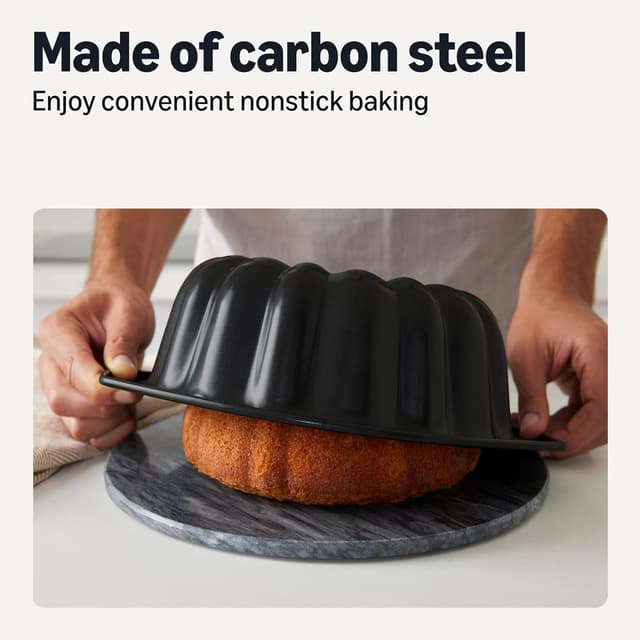 Thumbnail 2 de Amazon Basics Nonstick Bundt Pan, Dishwasher and Oven-Safe, 25.4 cm
Amazon Basics Nonstick Bundt Pan, Dishwasher an…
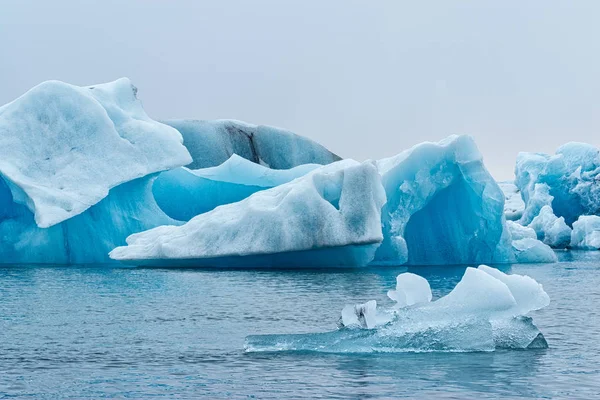 Παγόβουνα Στη Λίμνη Jokulsarlon Κοντά Στον Παγετώνα Vatnajokull Ισλανδία — Φωτογραφία Αρχείου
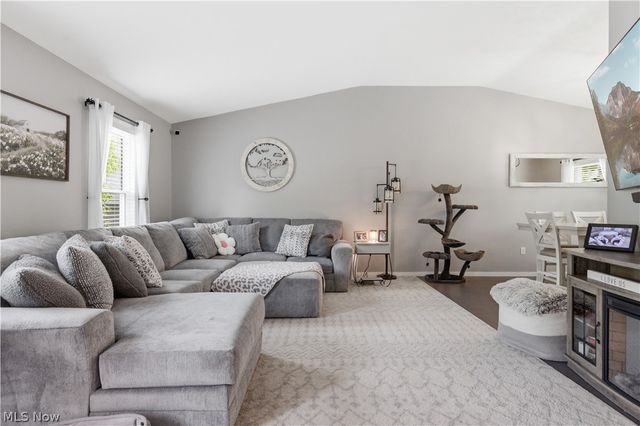 488 Woodlake Drive, Medina, OH 44256
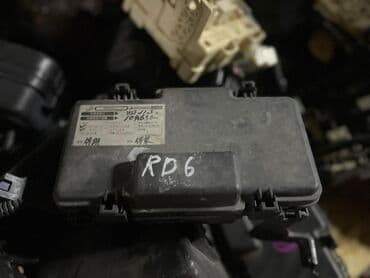 продаю дом: Петли капота Toyota, Б/у, Оригинал — 15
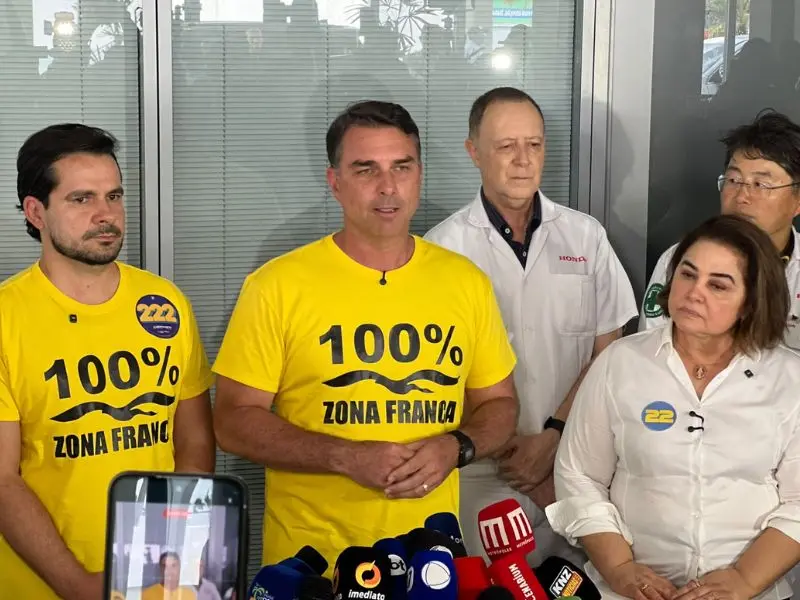 Flávio Bolsonaro e Zona Franca de Manaus durante agenda de campanha no Polo Industrial de Manaus.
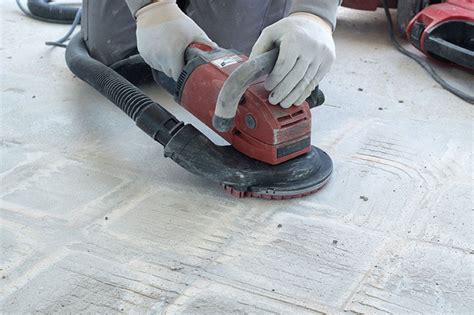 Outils pour le ponçage et le lissage du béton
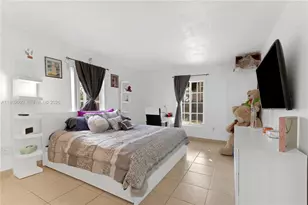 4910 NW 79th Ave, Doral, FL 33166 - Photo 9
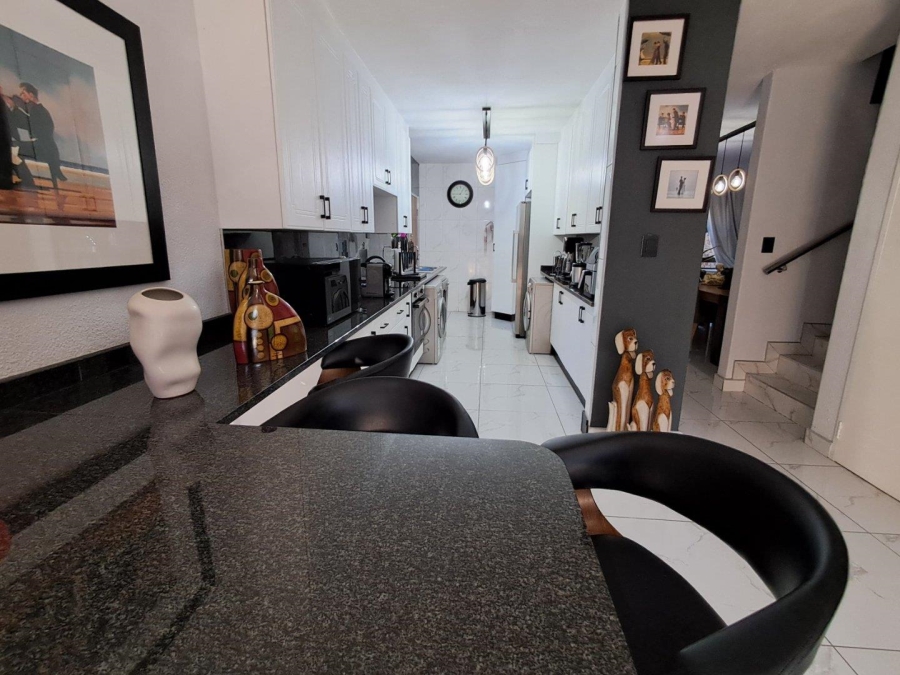 3 Bedroom Property for Sale in Brackenhurst Gauteng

* [Task description]
Copy all of the listing word for word, minus the images.

* [Written answer]
 Thumbnail 2 de Amazon Basics Nonstick Bundt Pan, Dishwasher and Oven-Safe, 25.4 cm
Amazon Basics Nonstick Bundt Pan, Dishwasher an…
 Παγόβουνα Στη Λίμνη Jokulsarlon Κοντά Στον Παγετώνα Vatnajokull Ισλανδία — Φωτογραφία Αρχείου
 488 Woodlake Drive, Medina, OH 44256
 продаю дом: Петли капота Toyota, Б/у, Оригинал — 15
 Flávio Bolsonaro e Zona Franca de Manaus durante agenda de campanha no Polo Industrial de Manaus.
 Outils pour le ponçage et le lissage du béton
 4910 NW 79th Ave, Doral, FL 33166 - Photo 9
 3 Bedroom Property for Sale in Brackenhurst Gauteng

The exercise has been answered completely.